■ Try it
The lines running from the one that contains "sms 。郵便配達サービス。最小限の概念。3Dイラスト3Dレンダリング - 写真・画像" to the end of the records below are what to reproduce, exactly and without pictures.

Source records
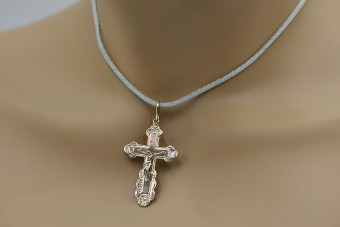 Croix orthodoxe en or rose 14K oc017rw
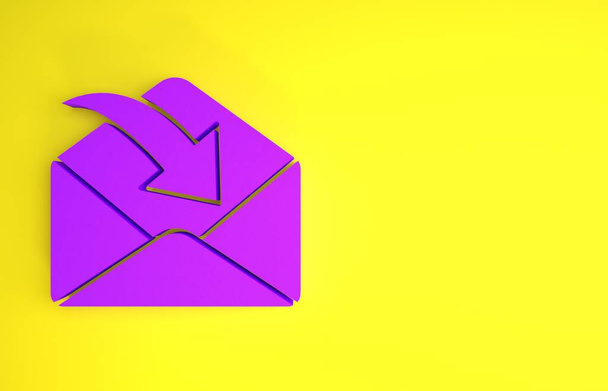黄色の背景に分離された紫のエンベロープアイコン。受信したメッセージのコンセプト。新しい、電子メール受信メッセージ、 sms 。郵便配達サービス。最小限の概念。3Dイラスト3Dレンダリング - 写真・画像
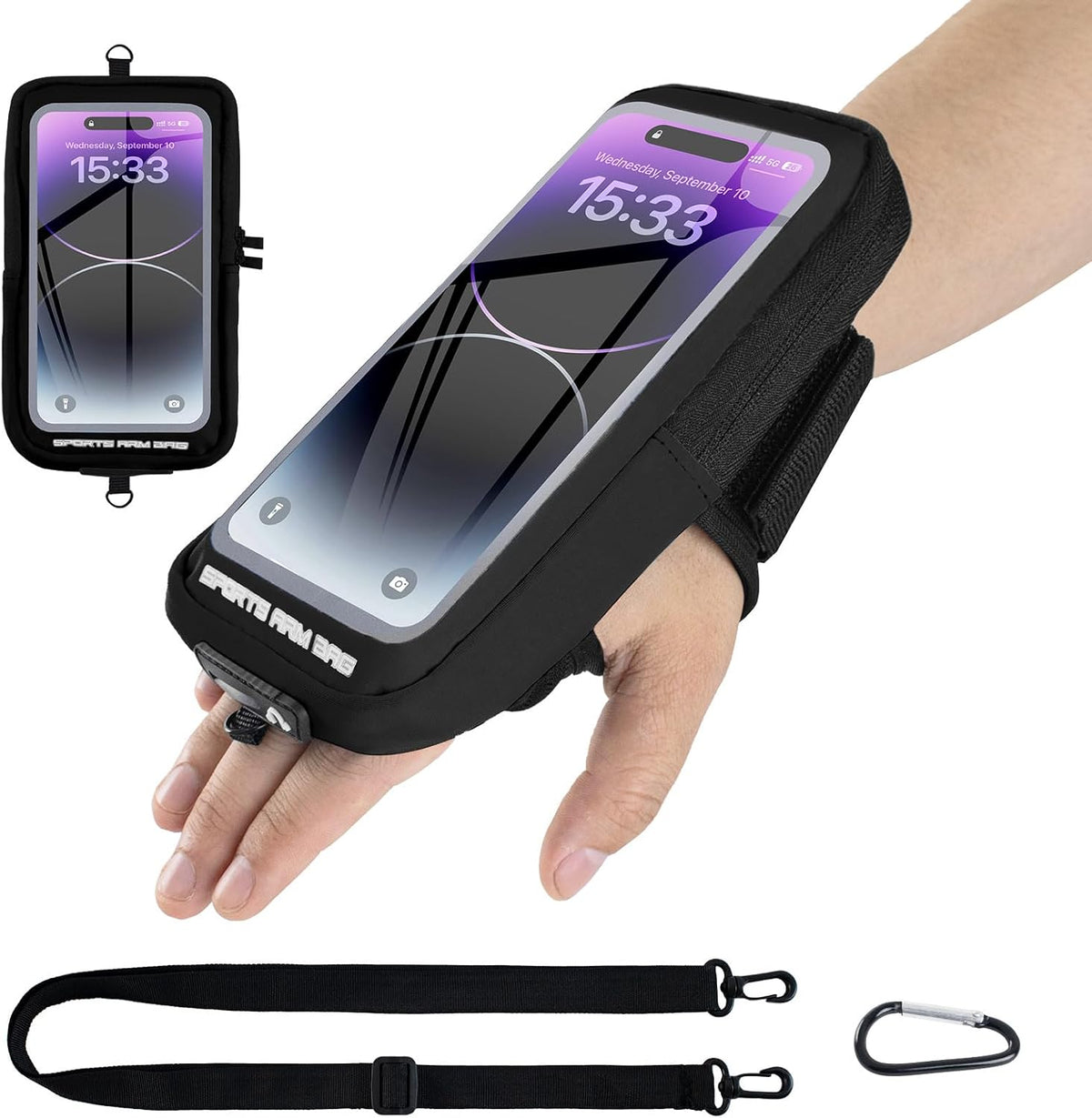 Phone Holder for Running, Running Armband Phone Holder with Carabiner, Phone Armbands for iPhone 16 15 14 13 12 11Pro Max & Galaxy S25/S24/S23, Cell Phone Armband Up to 6.8'' Phone (Black)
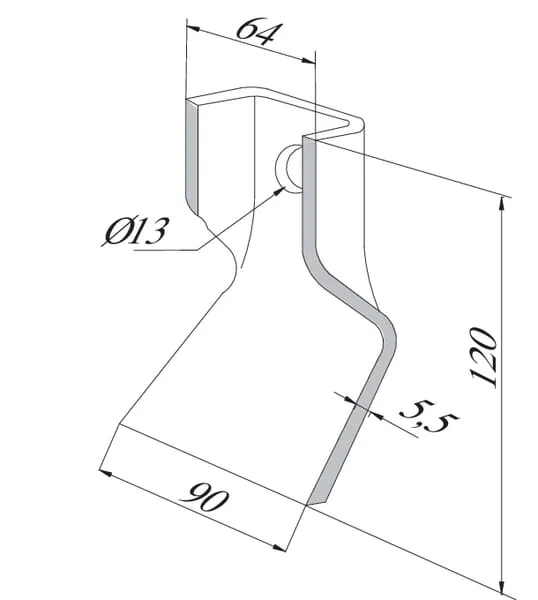 Non Branded - CK3210 - Mulchmesser 90x120mm Gekroepft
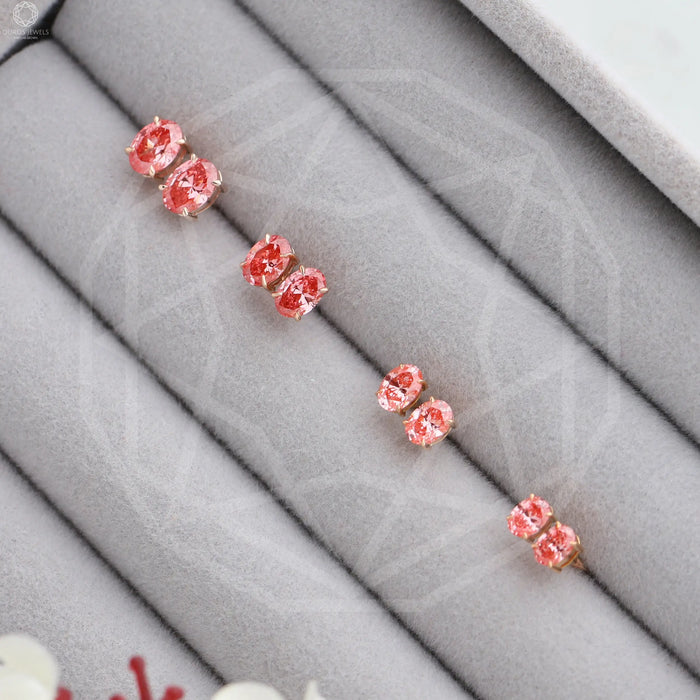 [Front View of Pink Lab Diamond Stud Earrings]-[Ouros Jewels]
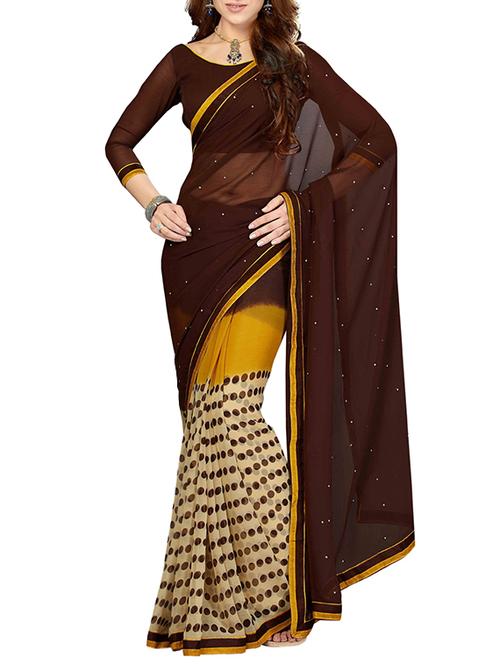 brown poly chiffon half and half saree with blouse - 13325969 - Very Small Image - 1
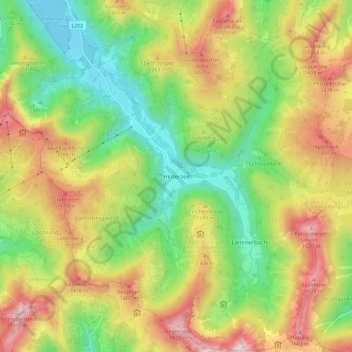 Hintersee topographic map, elevation, terrain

■ Task result
黄色の背景に分離された紫のエンベロープアイコン。受信したメッセージのコンセプト。新しい、電子メール受信メッセージ、 sms 。郵便配達サービス。最小限の概念。3Dイラスト3Dレンダリング - 写真・画像
 Phone Holder for Running, Running Armband Phone Holder with Carabiner, Phone Armbands for iPhone 16 15 14 13 12 11Pro Max & Galaxy S25/S24/S23, Cell Phone Armband Up to 6.8'' Phone (Black)
 Non Branded - CK3210 - Mulchmesser 90x120mm Gekroepft
 [Front View of Pink Lab Diamond Stud Earrings]-[Ouros Jewels]
 brown poly chiffon half and half saree with blouse - 13325969 - Very Small Image - 1
 Hintersee topographic map, elevation, terrain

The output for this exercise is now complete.